Il soccorso alpino nazionale non si limita a condividere ma, caso più unico che raro, commenta, seppur in modo sobrio. "Non siamo soliti criticare chi viene soccorso dai nostri tecnici e nemmeno oggi punteremo il dito contro i due turisti che hanno rifiutato per diverse volte - in maniera incosciente - il nostro aiuto alle Tre Cime di Lavaredo. Vogliamo però offrire uno spunto di riflessione a tutti voi su quanto accaduto, ringraziamo Massimo Gramellini che oggi sulla prima pagina del Corriere della Sera ha rappresentato al meglio anche il nostro punto di vista. Buona lettura".

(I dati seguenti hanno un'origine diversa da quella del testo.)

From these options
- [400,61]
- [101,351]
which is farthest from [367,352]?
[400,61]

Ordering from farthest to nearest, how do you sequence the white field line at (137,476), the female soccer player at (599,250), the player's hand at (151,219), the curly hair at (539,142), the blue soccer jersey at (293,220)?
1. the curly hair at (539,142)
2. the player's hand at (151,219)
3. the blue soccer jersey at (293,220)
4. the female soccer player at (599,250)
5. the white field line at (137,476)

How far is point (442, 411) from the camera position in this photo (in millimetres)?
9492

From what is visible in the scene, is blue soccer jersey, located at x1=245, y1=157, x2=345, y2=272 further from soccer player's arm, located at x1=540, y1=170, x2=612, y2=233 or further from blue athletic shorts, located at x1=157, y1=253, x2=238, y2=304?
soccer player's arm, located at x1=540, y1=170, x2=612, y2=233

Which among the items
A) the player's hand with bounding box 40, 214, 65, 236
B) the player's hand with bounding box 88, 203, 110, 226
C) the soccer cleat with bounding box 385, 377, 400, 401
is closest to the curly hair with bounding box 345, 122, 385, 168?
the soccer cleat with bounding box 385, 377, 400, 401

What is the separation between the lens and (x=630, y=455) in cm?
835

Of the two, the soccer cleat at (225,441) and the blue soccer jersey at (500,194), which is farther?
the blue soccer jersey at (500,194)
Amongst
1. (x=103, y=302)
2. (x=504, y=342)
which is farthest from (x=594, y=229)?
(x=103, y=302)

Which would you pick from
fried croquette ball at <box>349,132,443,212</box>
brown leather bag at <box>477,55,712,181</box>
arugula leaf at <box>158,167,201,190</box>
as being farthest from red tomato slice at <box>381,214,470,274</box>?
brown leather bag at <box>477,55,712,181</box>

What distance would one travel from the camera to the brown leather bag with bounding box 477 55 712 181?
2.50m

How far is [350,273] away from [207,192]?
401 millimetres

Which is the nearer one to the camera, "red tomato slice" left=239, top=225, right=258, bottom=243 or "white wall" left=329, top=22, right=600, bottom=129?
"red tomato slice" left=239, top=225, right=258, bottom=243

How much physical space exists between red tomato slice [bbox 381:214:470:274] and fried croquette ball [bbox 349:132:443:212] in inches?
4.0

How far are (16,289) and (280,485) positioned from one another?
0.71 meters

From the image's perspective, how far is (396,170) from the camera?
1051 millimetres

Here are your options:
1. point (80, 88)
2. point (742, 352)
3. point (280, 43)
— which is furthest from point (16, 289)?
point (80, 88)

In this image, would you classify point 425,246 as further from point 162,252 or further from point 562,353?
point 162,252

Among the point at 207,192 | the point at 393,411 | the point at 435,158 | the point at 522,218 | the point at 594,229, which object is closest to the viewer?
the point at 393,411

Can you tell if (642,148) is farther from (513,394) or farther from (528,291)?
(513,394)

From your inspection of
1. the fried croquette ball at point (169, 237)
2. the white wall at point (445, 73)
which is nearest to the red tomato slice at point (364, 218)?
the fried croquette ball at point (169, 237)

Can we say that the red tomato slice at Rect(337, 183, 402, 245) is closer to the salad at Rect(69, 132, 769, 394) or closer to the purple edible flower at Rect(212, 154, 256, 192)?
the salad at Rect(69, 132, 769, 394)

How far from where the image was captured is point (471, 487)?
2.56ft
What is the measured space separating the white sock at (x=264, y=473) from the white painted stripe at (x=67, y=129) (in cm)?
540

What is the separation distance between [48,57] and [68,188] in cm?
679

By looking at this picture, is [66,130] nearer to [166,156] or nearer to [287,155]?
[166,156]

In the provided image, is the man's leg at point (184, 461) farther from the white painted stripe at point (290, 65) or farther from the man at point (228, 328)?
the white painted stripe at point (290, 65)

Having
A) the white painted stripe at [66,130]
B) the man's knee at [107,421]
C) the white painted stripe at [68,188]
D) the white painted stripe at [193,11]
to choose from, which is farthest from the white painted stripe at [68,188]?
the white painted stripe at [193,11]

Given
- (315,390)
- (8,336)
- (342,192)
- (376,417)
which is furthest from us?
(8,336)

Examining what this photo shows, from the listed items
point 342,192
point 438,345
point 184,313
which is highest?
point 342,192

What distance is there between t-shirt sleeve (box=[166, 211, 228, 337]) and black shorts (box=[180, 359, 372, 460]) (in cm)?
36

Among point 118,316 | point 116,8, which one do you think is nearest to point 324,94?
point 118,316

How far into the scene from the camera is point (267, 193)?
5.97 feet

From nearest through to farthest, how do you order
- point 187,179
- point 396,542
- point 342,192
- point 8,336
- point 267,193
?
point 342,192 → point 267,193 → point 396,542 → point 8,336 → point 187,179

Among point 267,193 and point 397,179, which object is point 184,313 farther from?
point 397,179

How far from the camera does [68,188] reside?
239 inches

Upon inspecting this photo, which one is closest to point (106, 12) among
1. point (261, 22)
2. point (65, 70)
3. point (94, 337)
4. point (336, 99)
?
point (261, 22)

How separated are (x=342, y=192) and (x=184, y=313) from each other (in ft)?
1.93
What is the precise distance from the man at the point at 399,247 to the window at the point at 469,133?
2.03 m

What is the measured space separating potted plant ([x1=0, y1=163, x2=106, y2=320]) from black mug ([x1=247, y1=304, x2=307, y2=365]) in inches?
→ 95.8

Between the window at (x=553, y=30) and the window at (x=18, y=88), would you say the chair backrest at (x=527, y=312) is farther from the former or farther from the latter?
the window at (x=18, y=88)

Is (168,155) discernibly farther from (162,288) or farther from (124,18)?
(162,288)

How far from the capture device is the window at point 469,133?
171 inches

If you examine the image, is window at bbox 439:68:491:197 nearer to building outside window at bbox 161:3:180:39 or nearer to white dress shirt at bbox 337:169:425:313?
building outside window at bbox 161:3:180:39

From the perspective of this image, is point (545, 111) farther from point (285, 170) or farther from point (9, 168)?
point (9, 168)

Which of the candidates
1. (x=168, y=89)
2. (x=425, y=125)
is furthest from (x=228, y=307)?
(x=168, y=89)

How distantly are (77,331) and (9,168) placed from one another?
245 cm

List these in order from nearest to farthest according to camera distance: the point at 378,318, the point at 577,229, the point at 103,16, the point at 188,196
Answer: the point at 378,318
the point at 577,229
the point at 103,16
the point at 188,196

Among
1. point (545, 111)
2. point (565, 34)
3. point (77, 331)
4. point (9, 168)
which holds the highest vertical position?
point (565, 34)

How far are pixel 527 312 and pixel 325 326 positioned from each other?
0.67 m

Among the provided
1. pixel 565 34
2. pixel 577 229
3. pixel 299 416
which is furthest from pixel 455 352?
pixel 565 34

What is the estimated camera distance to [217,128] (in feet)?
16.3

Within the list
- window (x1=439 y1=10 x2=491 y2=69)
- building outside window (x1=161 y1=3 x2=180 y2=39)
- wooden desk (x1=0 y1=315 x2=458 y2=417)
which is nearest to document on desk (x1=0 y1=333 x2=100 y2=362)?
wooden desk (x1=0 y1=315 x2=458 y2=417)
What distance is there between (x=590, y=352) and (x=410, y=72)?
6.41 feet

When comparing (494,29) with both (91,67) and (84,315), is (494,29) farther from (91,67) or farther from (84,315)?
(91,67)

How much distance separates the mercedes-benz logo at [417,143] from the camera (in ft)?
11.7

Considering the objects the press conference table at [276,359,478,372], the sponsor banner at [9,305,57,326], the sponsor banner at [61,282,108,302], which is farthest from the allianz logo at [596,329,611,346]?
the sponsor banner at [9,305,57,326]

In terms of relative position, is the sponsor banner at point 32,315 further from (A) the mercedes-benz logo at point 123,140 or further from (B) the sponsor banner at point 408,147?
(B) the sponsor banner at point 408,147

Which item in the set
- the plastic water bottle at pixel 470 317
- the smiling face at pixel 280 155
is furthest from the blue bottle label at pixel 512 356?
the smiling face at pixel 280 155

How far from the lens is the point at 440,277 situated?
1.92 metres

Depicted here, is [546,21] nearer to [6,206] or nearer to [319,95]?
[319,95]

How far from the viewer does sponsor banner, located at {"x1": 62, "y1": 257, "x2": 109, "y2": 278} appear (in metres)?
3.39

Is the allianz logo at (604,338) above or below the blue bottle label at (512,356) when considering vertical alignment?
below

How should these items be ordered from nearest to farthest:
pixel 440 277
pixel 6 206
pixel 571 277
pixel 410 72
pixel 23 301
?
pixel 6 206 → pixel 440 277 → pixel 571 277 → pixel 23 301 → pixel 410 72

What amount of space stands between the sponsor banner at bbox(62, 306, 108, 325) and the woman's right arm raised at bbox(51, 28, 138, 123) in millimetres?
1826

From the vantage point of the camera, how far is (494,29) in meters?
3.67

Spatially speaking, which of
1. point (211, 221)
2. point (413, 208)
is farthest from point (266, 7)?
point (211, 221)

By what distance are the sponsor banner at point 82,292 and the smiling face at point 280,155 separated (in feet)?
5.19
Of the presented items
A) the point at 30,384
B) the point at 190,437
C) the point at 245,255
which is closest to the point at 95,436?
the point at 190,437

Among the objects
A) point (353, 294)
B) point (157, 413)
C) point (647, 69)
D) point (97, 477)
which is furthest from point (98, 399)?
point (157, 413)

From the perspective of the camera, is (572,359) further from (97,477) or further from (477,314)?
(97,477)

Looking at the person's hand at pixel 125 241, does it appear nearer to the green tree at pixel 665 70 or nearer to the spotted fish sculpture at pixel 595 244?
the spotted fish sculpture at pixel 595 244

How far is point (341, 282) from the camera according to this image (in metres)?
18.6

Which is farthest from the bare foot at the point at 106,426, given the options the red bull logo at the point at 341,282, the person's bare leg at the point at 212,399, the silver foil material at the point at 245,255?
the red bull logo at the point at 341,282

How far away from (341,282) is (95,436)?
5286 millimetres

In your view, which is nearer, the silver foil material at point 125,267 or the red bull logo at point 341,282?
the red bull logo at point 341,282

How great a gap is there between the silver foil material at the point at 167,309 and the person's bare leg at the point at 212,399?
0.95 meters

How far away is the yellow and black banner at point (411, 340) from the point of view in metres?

Un punto di vista tra narcisismo e costo a carico anche della comunità, senza dimenticare i rischi di un intervento della macchina dei soccorsi. "Una coppia di scalatori di spagnoli - scrive Gramellini - ha raggiunto la vetta del narcisismo, rifiutando per ben due volte l'aiuto di un elicottero del soccorso alpino. Chi rischia la pelle [...] sostiene il luogo comune che la vita sia solo sua e possa farne ciò che vuole. Sa che il dio delle emozioni estreme pretende talvolta sacrifici umani e accetta di esserne la vittima potenziale, ritenendo che la questione riguardi soltanto lui e quel dio, con l'esclusione del resto dell'umanità".

 

"Invece, gli piaccia o no, il narcisista fa parte di una rete di persone destinato a pagare il conto delle sue idiozie. Non è libero di andare a duecento all'ora contromano, perché in caso di incidente sarà la comunità di cui fa parte ad addossarsene i costi in termini di carroattrezzi, cure ospedaliere e, soprattutto, vite coinvolte. [...] La scoperta di non essere soli al mondo può essere sconvolgente. Proprio come quella di esserlo (per altri versi). Finora non se ne conosceva il prezzo. Quello in euro, almeno 7.500 euro. Tanto dovranno versare i nostri eroi per il trambusto provocato dalla loro imprudente cocciutaggine. Più o meno il costo di un'utilitaria usata. Possibilmente non da loro".

 

La vicenda si è conclusa per il meglio, gli alpinisti sono stati recuperati in buone condizioni e portati al rifugio Auronzo. La coppia spagnola, già soccorsa di un'altra situazione appena una settimana fa, si sono arresi dopo tre giorni, quando la madre dell'uomo aveva allertato proprio i soccorsi e aveva avuto un malore per lo stress (Qui l'intera vicenda).